Le dernier né des productions de Luc Besson a pour clair objectif de faire passer son entreprise Europacorp du statut de petit distributeur de séries B européennes à un acteur incontournable du cinéma populaire des deux côtés de l’Atlantique. Fort du l’énorme succès du fun mais néanmoins nauséabond) Taken, en particulier aux Etats-Unis, Besson délaisse donc la série B violente et simpliste, sorte de 24 heures du pauvre, pour un genre plus consensuel : le « buddy movie », film d’action sensé être inoffensif et plein d’humour. Malheureusement, le genre est aussi plus exigeant : il ne suffit plus de torturer quelques terroristes pour être crédible, il faut aussi être drôle, rythmé, équilibré et original. Pas gagné pour les équipes Europacorp, plus douées en matière de bourinage qu’en terme d’esprit.
James Reese trvaille pour l’ambassadeur américain à Paris. Il profite de sa position pour faire quelques petits jobs pour la CIA. Le jour où on le met sur une vraie mission, c’est en lui adjoignant un partenaire aussi dingue qu’imprévisible.
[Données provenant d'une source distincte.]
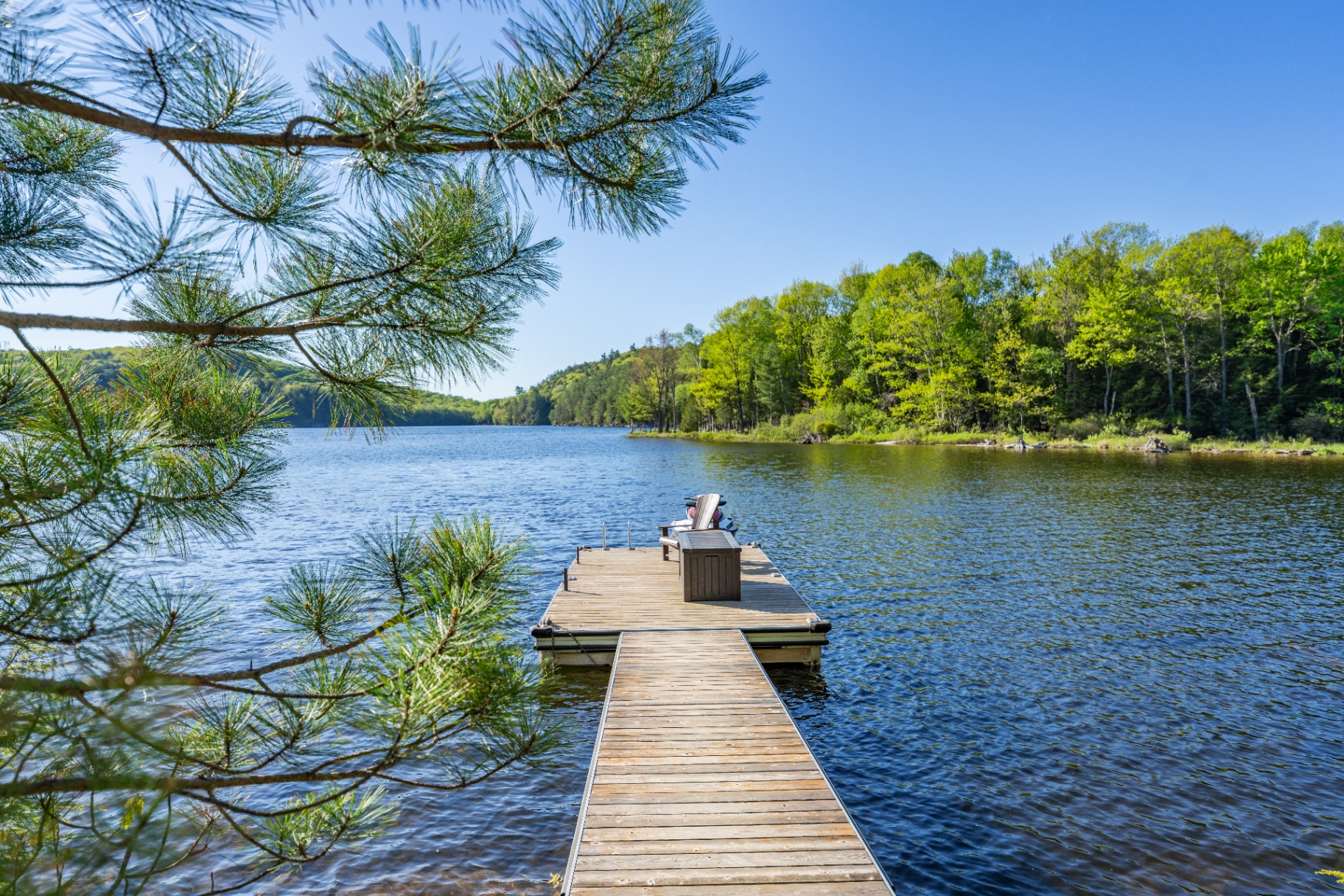 Pine-framed view down the dock to calm water and distant tree line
C'est avec un petit plaisir vicieux qu'on attend que Luc Besson gare son 33 tonnes rempli de clichés devant nos salles pour un déchargement imminent. Et comme prévu, on s’accroche aux branches devant la profondeur d'un script, qui déploie ses thèmes avec la légèreté d’un régiment de Panzer. Dans l’ordre d’apparition : les français sont des obsédés du sexe, les femmes font mieux à manger que les hommes, les américains sont cools et sexy, les chinois membres de triades qui utilisent les restaurants comme couverture et les banlieues françaises sont des repères de dealers aussi bien armés qu’un escadron de FARC en ballade. Pour finir, on se demande quelques minutes pourquoi les pakistanais ont été choisis pour illustrer l’inévitable passage proxénète de l’histoire, là où des albanais ou des ukrainiens auraient fait merveille. Soucis de décalage ? Pas de risque, on se rassure quelques minutes après quand on se rend compte que les proxénètes sont aussi des terroristes qui en veulent à mort aux Etats-Unis. Terroriste = pakistanais, CQFD. Ouf, on respire.
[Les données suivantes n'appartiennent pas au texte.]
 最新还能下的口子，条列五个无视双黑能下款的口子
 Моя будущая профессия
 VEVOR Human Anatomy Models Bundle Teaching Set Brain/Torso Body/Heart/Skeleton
Pour le reste, on a le droit au menu réglementaire d’une série B : boum-boum, pan-pan, crac-crac, mené par l’inévitable couple mal assorti : le jeune ambitieux et le vieux routard qui va lui apprendre la vie. S’il n’est évidemment pas réaliste, le scénario ne fait même pas l’effort d’être un tant soit peu rationnel. Le ponpon : Jonathan Rhys-Meyer qui place un micro dans le bureau du ministre français des affaires étrangères aavec autant de facilité que votre vieux pote Dédé qui cache des cacahuètes dans votre salle de bain le jour de votre crémaillère. Et pour couronner le tout, le réalisateur Pierre Morel ne brille pas spécialement dans les premières scènes d’action, qui voient John Travolta dessouder en toute impunité les deux tiers de la population parisienne, en commençant par celle d’origine étrangère.
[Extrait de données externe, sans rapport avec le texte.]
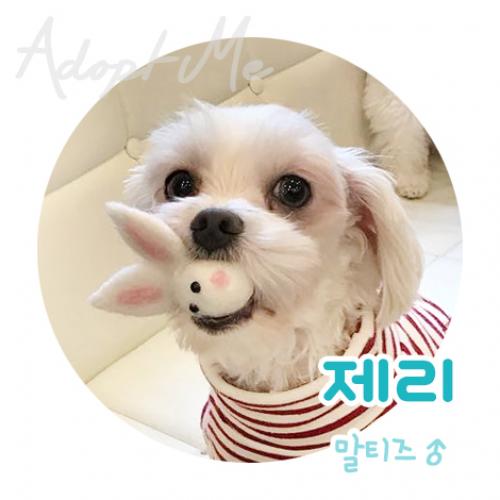 [서울/유기견] 신비한 눈을 가진 말티즈 제리의 가족이 되어주세요~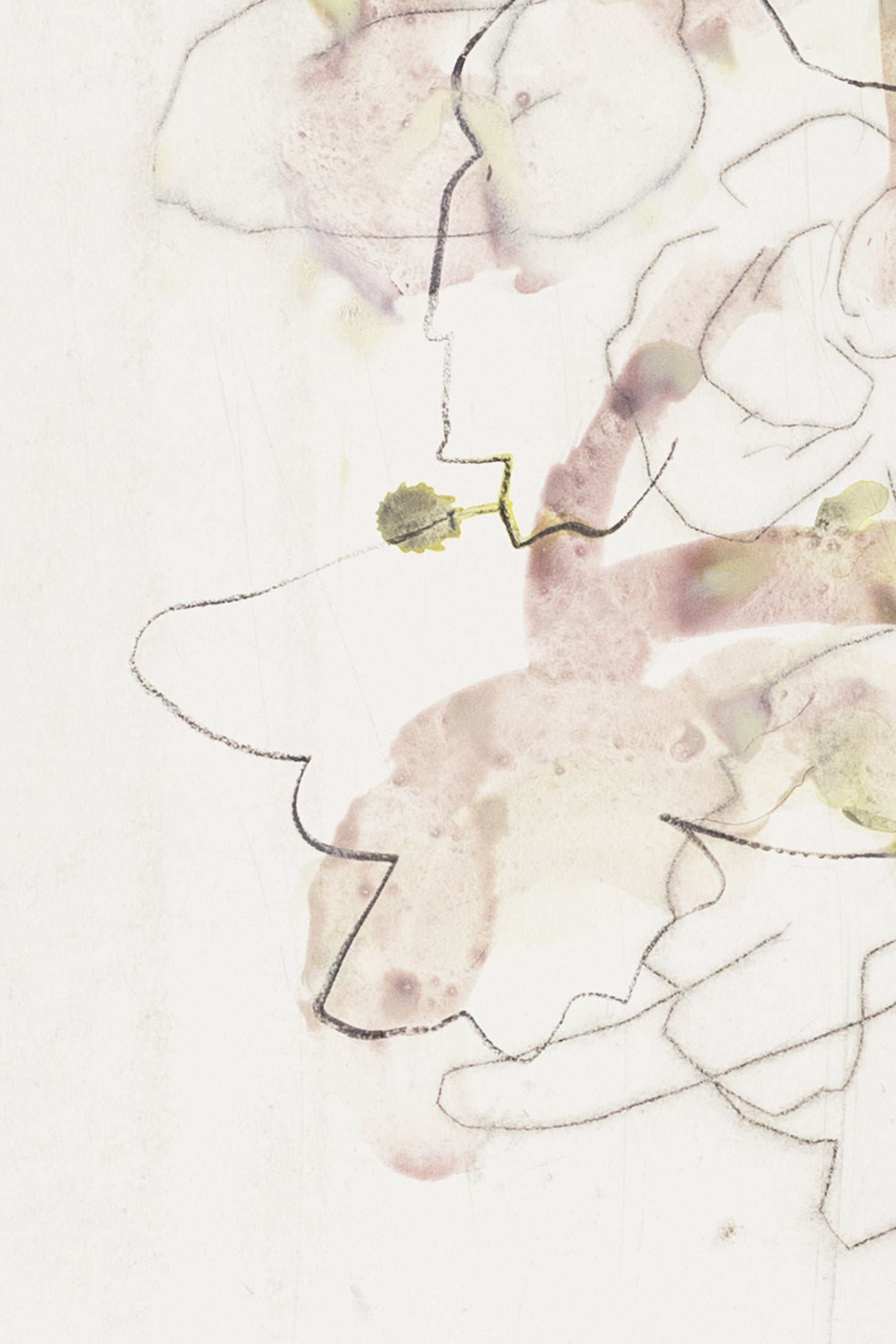 Abstrakte Blumenskizze eines Knabenkrauts in Violett, Grün und Grau mit feinen Linien und transparenten Farbschichten auf hellem Papier – abstract floral motive of a marsh orchid in violet, green and grey tones with fine lines and translucent color washes on light paper.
On n’est pas pour autant en présence d’un nanard mémorable et culte (comme Armaggeddon) , ni d’un immense foutage de gueule public (comme Lucky Luke ou Cinéman).Deux ou trois choses émergent de cette médiocrité générale pour rendre l’ensemble presque regardable en particulier les cabotinages énaurmes mais divertissants d’un Travolta visiblement enchanté de faire du tourisme, un mauvais goût permanent et une poursuite en bagnole sur l’autoroute plutôt bien foutue, même si les scénaristes ne se sont évidemment pas inquiétées que la Volkswagen pourrie du terroriste trace sans le moindre effort les Audi flambant neuves de la CIA…mais faut quand même pas trop en demander.
NB : le film s’est pris une veste XXL au box office américain. Les yankees préfèrent les originaux aux copies en provenance d’outre Atlantique. Tant mieux.